= Task directions =
Give the lines below again, exactly as they stand, and leave out the images.

= Data excerpt =

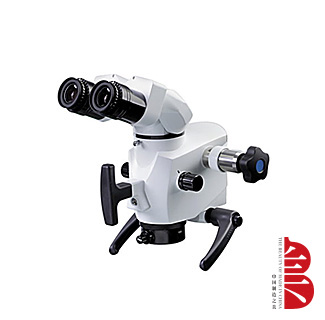 AM-4000外科显微镜镜头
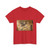 Chauvet Rhinos - T-Shirt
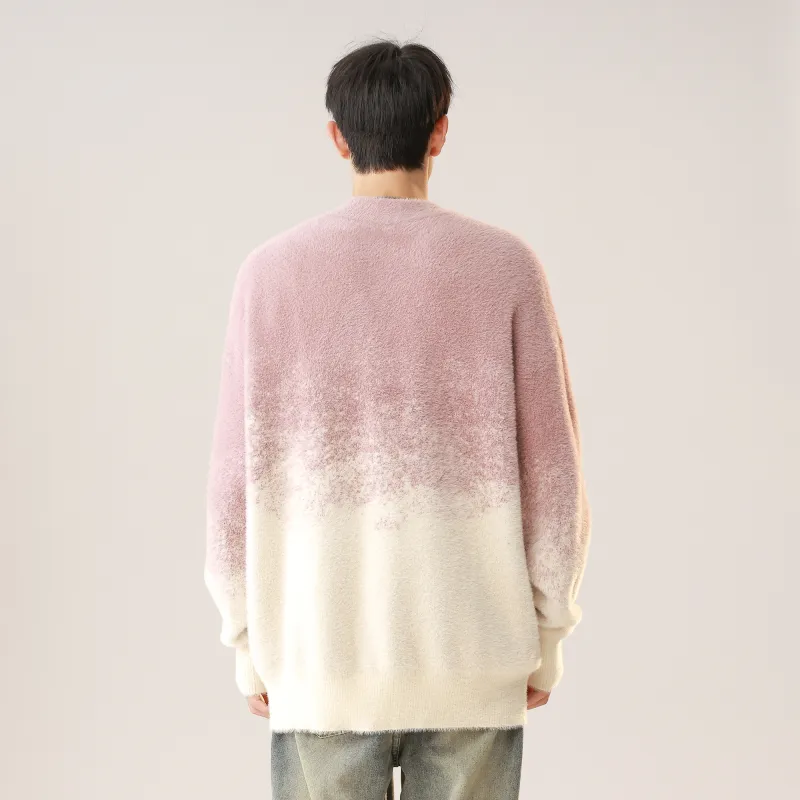 GSUE Sweaters Unisex-10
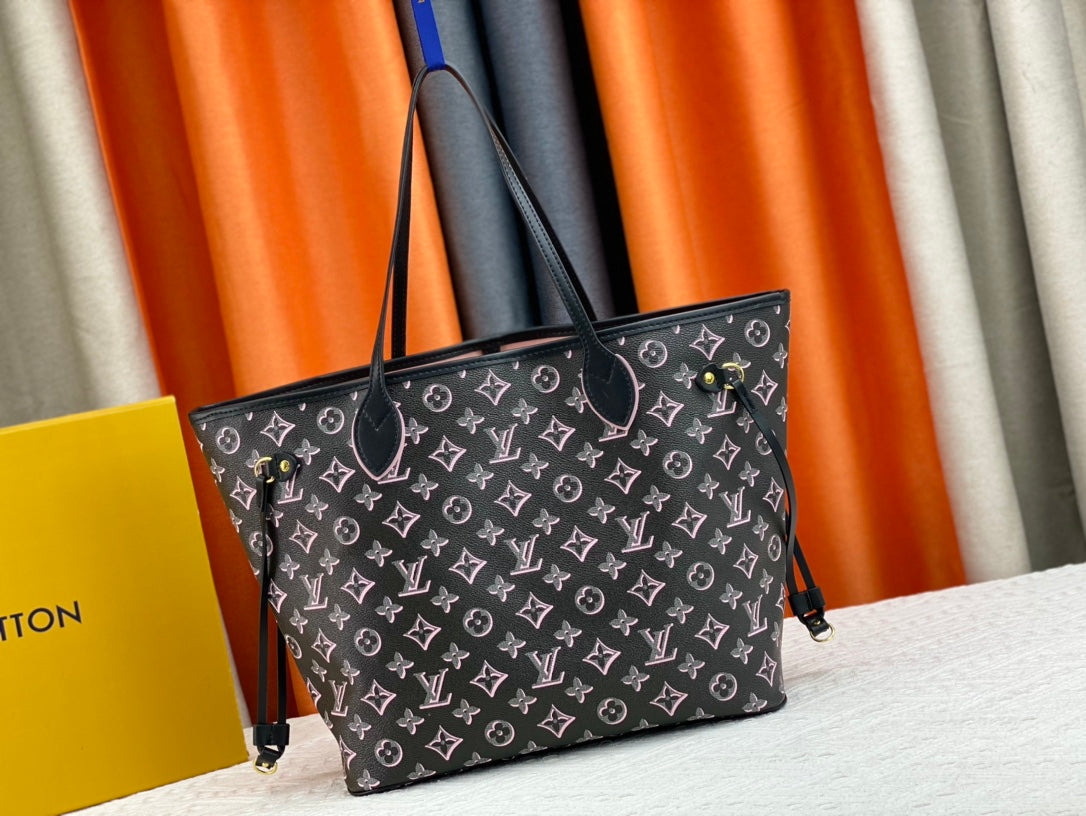 BAGS NEW ARRIVALS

= Task solution =
 AM-4000外科显微镜镜头
 Chauvet Rhinos - T-Shirt
 GSUE Sweaters Unisex-10
 BAGS NEW ARRIVALS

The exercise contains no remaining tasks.